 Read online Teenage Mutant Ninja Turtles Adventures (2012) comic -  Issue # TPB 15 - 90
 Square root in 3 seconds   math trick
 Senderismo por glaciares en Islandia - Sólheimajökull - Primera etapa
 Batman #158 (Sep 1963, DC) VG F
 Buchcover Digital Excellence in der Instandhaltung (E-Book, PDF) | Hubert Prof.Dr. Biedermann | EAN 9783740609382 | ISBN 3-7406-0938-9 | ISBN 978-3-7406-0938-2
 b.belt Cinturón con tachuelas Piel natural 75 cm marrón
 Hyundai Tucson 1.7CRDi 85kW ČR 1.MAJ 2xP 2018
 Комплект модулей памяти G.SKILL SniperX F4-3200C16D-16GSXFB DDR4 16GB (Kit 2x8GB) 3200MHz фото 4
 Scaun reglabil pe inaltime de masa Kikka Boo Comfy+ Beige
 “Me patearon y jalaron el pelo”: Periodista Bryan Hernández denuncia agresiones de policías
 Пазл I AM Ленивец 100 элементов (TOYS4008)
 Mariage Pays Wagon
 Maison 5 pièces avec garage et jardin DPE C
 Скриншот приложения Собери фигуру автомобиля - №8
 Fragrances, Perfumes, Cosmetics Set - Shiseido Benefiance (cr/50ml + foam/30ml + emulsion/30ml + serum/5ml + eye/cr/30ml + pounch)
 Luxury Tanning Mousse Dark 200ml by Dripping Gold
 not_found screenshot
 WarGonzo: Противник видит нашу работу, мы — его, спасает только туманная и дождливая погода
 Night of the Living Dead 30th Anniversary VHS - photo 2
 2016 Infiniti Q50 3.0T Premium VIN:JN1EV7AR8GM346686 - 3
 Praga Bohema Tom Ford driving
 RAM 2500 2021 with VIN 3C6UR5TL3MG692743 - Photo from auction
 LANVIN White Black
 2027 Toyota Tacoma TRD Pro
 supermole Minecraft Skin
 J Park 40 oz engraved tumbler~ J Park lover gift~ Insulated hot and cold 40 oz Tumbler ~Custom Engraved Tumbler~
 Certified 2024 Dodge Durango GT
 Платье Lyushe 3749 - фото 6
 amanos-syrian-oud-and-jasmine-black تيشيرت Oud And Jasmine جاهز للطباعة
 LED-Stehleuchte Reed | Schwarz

___

- What you have to do
Pull together all lines from the data that mention the word "фото".

- Solution to this exercise
 Комплект модулей памяти G.SKILL SniperX F4-3200C16D-16GSXFB DDR4 16GB (Kit 2x8GB) 3200MHz фото 4
 Платье Lyushe 3749 - фото 6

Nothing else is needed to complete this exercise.